Watering Accessories Part 1

Published December 15, 2012 by blmercier91

So yesterday I talked about a few options for ways to water your garden, and how to get a rough idea of which one is best for you. Today I’d like to talk about accessories for your watering needs, including things to help save water, reduce your bills, and to keep everything aesthetically pleasing.

Hose Splitters
20121215-113117.jpg Hose splitters allow you to attach two to four hoses to the same spigot. They are typically made from either plastic or brass, and can cost anywhere from $2-$16.
20121215-113217.jpg They are great if you want to have a drip system, but still need to have access to an open hose for other things. I use one in my back yard and have one attached to my drip system, and the other hose is for the sprinkler for the grass (or for my niece to play in). If you want only one hose going, but not the other, all you do is flip the control switch to “off” for whichever hose you don’t need. They can also be used with timers, but we’ll get to that later.

Timers are essential if you want really minimal maintenance. They start at around $20 and go up from there. The most basic timer only allows waterings once a day*, and has a knob with how long you want your plants to be watered for, and an option for daily watering, every other day watering, or every watering every three days. The cheapest models do not have any internal clocks, or rain delay sensors- meaning that the first time you turn it on, you have to turn it on at the time you want the watering to take place (you can forget about it after that, it takes care of itself), and you have to remember to turn it off when it rains.
Other basic timers have two dials to allow for waterings twice a day.

20121215-114202.jpg Now, on to the big kabobs. Really nice, expensive timers have digital readouts, internal clocks, rain sensors so that they don’t water while it’s raining, they allow you to set how long your plans are watered and how often (the example below is set to water for 9 minutes every 4 hours), and even tells you if the batteries need to be replaced or not!

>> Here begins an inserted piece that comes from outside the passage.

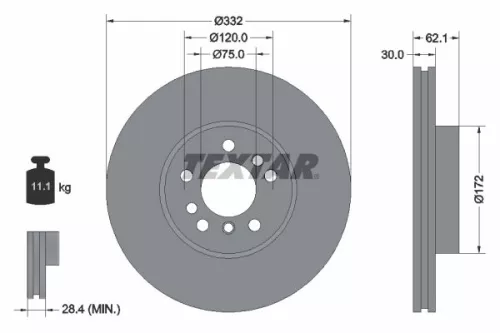 2x Textar Front Vented Brake Discs Pair For Bmw X3 X5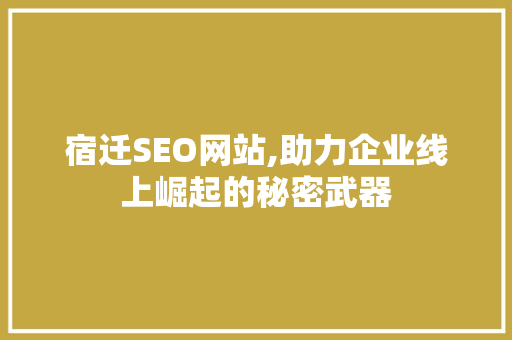 宿迁SEO网站,助力企业线上崛起的秘密武器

I think all timers are great if you’re going for minimal maintenance, but I don’t necessarily think that one is “better” than another. They all work great, it just depends on your budget and needs. I have a super cheap one like in the first picture, and the fact that the dial has a rain cover really appeals to me.
If you want both a hose splitter and a timer, and want the timer to work for BOTH hoses (like if one hose is set up to water the garden, and the other has a sprinkler for the grass), attach the timer to your spigot, then the hose splitter, then the hoses. Conversely, if you only need one hose attached to the timer, attach the splitter, and then the timer to whichever side you don’t want to have to think about.
A note with ALL timers- you have to leave your spigot on and fully open for them to work. I know it’s weird leaving the water on all the time, but you’re not actually using the water except for when the timer allows. If you have your hose splitter attached to the spigot before the timer, make sure that the valve for whichever side does not have the timer attached is set to “off”.

*There is a way to get around this; if you have a timer that only allows for a maximum of one watering daily, but you want to water twice a day, go turn on the timer in the morning for how long you want it to water, and then in the evening go out and set the dial to “off”, and then turn it back on again for however long you want it to water.